If It’s Rabies, I Get a Prize

Cat scratch feeeeevaaaahhh!

The cat bite led to an infection.  Because of course it did.  Not a raging infection exactly.  Not rabies or lockjaw or polio or typhoid or malaria or something with any kind of tropical or literary cache.  But for sure an infection.  The night after the bite, I went to urgent care after I read an alarming comment about rabies on the last post.  No one wants rabies.  In elementary school, my friend and I used to chew up this fizzing candy called Zotz and let our mouth foam and we’d roll our eyes and spit foam onto her driveway and stagger around screeching “Rabies! Rabies!  Shoot me!  I have rabies!”  And her mother would come out of the house and be like, “Jesus Christ, can’t you just play Barbies?” But that’s as close as anyone want to get to rabies –  fourth grade candy rabies.  So I went in to urgent care.  And sat with the other sickies with bronchitis who despite being given masks, chose not to wear them.  So maybe I now have that as well.

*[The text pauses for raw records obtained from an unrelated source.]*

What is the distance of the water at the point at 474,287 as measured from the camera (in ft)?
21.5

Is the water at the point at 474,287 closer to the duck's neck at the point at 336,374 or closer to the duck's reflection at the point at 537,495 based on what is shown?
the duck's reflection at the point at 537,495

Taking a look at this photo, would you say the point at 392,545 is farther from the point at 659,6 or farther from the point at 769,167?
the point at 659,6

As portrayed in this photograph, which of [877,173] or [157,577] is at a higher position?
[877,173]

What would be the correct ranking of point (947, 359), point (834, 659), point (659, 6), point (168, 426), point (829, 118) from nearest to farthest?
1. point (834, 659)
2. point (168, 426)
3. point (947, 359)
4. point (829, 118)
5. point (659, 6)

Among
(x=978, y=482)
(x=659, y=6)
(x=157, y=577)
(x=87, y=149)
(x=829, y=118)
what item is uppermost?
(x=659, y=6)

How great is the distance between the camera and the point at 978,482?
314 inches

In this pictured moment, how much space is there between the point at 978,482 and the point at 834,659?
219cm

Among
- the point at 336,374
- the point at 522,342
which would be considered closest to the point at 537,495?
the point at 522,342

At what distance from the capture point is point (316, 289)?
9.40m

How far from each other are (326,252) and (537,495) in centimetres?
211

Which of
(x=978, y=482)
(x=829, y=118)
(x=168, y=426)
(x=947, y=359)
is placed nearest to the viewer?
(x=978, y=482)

Because it was urgent care, I was with a bunch of other poorly dumbos who had waited until after hours to be seen to.  No one was bleeding, no one was rushed in on a gurney.  Just a lot of people like me – ashamed, reading magazines, silently chastising ourselves. “That’s infected,” grimaced the nurse, when she saw me.  The doctor who came in next asked what I knew about the cat – if it had run after me or lunged at me or dropped from a great height ninja-style from a tree. “No,” I whispered, “I uh, picked it up.”  And they checked the box on my chart that said Possible Moronitis.  They hooked me up to an IV full of antibiotics and left me there even when it went off and either forgot about me or were dealing with all the other cat bites because an hour later I was still sitting there with an empty IV in my arm.  I sort of inched as far as I could with the IV still attached to my arm and karate kicked the nurses button. “Oh” she said, when she appeared at the doorway “you’re still here?”  I think that’s the punishment for cat bites. It’s the grown up equivalent of a time out so you can think about what you’ve done.

We don’t currently have health insurance.  Roo is looking for a new job and my job doesn’t provide insurance.  So we’re waiting for COBRA to kick in.  This cat bite is going to be more than my first car.   Also, I didn’t have my wallet with me because I’d left the house in a hurry because I was pretty sure I felt the onset of lockjaw and was like I gotta go!  They prescribed an antibiotic which I had to start that night in addition to needing to return to urgent care the following night for a shot in the ass.  So I stopped at my mom’s house which is near the doctor’s office and was like, “Um mom can you come with me to the pharmacy and buy me some drugs.”  She didn’t even ask.  And when she did ask and I told her, she said, “You’re soft hearted like your grandmother.”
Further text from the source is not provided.